The truth about AI and skill retention

A randomized experiment from Anthropic researchers found that developers who used AI assistance to learn a new coding library scored 17% worse on a follow-up skills test than those who worked without it. They also didn’t complete the task any faster.

That’s the headline. It’s worth understanding before accepting it completely.
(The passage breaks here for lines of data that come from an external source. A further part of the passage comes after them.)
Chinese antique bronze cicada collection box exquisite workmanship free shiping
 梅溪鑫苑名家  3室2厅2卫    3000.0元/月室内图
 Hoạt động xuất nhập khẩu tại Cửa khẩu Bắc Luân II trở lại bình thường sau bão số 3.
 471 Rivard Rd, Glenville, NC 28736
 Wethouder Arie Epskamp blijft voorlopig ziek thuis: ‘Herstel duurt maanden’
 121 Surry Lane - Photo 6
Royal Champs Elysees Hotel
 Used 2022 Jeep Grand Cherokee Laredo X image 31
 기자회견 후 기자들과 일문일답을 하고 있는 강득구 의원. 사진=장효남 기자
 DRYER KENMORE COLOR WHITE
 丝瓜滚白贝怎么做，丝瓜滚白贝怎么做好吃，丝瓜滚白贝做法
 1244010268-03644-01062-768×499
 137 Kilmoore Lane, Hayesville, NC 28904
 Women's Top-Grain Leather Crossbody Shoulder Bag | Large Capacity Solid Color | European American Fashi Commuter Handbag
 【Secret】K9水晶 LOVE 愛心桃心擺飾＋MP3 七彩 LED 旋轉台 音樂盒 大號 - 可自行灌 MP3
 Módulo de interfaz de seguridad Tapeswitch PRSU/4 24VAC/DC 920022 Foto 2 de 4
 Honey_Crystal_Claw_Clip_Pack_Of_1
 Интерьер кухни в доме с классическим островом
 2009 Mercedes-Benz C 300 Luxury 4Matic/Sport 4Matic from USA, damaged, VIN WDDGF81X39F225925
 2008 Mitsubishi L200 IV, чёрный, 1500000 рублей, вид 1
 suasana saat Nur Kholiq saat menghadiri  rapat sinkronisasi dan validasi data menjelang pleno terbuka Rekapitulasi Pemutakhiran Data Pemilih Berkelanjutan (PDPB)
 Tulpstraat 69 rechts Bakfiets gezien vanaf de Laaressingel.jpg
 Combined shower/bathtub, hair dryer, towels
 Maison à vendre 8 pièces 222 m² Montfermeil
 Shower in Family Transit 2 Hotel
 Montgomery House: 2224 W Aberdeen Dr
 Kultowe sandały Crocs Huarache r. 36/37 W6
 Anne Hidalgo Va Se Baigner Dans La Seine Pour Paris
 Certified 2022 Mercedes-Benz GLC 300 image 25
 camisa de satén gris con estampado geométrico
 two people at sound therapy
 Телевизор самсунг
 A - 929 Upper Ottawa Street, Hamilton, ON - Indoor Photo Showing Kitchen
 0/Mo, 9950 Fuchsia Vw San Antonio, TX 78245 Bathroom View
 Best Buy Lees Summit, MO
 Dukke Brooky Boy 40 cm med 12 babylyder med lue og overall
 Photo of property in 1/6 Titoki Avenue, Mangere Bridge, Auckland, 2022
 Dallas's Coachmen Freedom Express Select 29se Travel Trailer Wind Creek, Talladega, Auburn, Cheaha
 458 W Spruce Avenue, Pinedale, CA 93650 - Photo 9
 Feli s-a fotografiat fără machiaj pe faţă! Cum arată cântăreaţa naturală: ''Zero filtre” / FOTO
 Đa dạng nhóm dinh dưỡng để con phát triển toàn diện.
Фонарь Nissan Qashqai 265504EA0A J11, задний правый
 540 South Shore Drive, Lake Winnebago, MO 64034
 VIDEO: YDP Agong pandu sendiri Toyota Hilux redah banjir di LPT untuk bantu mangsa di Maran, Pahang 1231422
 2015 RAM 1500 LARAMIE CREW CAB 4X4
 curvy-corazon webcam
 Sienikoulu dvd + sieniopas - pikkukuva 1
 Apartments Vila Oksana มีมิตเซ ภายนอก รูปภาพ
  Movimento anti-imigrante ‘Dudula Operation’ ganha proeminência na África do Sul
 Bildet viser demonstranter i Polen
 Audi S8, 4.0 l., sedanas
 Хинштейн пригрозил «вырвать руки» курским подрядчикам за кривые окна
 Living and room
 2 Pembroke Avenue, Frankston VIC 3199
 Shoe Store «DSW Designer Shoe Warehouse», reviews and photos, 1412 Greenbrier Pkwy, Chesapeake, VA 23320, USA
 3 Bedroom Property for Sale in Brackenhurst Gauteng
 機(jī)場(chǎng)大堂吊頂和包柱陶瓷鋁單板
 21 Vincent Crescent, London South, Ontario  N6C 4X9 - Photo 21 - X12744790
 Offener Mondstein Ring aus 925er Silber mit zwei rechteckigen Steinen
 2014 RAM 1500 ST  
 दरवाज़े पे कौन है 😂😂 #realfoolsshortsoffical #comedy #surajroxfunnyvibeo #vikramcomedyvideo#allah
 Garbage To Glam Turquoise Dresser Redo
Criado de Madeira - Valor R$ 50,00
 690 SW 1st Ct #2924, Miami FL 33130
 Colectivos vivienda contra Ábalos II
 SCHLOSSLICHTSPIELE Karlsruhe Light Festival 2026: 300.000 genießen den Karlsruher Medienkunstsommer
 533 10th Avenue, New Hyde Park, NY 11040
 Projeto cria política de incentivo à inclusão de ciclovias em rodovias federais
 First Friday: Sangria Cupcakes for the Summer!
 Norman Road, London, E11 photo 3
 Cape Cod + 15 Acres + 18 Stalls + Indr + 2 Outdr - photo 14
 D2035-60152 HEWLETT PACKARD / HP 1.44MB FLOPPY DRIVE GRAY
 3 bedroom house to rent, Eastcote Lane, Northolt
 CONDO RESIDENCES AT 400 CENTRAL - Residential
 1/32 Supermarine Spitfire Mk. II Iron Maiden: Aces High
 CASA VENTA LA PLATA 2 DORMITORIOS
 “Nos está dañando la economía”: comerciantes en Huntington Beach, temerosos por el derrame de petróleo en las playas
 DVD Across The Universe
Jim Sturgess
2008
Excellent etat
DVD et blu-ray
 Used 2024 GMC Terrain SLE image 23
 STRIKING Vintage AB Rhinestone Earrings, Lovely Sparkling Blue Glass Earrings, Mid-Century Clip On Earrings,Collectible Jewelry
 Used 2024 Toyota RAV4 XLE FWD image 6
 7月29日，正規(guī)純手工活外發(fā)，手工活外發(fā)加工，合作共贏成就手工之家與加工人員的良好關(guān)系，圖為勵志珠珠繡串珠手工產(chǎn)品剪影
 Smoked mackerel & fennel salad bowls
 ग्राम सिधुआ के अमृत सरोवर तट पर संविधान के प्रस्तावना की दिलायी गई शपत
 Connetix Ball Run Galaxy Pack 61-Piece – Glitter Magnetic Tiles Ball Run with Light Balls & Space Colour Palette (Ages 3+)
AI-assisted group scored 17% lower on a post-task quiz (4.15 points on a 27-point scale, Cohen’s d=0.738, p=0.01)
No significant speedup from AI (median: ~19.5 min with AI vs ~23 min without, not statistically significant)
Debugging questions showed the largest performance gap between groups
n=52 total; 26 per condition

What they found

Researchers Judy Shen and Alex Tamkin ran 52 professional Python developers through a coding task using Trio, a niche async library none of them had used before. Half had access to a GPT-4o chat assistant. Half had only web search and documentation. Everyone had 35 minutes.

The AI assistant could generate complete correct code for both tasks when asked directly. The researchers expected the AI group to finish faster. Most didn’t. Some participants spent up to 11 minutes just composing queries, and a handful asked more than 15 questions. At that level of back-and-forth, the overhead erases the speed advantage.

After the coding session, everyone took a 27-point quiz on Trio concepts: async/await, error handling, nurseries, memory channels. No AI allowed. The AI group averaged 4.15 points lower.

The skill area with the biggest gap was debugging. The control group hit roughly 3x more errors during the task (median: 3 errors vs 1) and had to resolve them without assistance. Those errors were the lesson. The AI group sailed past them and came out the other side not knowing what they’d missed.

How you use it matters

The researchers watched screen recordings for all 51 participants and categorized AI users into six behavior patterns.

Six AI interaction patterns and average quiz outcomes

Low-scoring patterns (under 40% quiz score)

AI Delegation (n=4) — fully handed off all coding to AI~30%

Progressive AI Reliance (n=4) — started independently, then delegated~35%

Iterative AI Debugging (n=4) — used AI to check and fix without understanding~39%

High-scoring patterns (65-86% quiz score)

Generation-Then-Comprehension (n=2) — generated code, then asked follow-up questions~78%

Hybrid Code-Explanation (n=3) — asked for code with explanations attached~72%

Conceptual Inquiry (n=7) — asked only conceptual questions, wrote code themselves~86%

Approximate quiz scores from qualitative analysis of screen recordings. Subgroup sizes are small; treat these as directional.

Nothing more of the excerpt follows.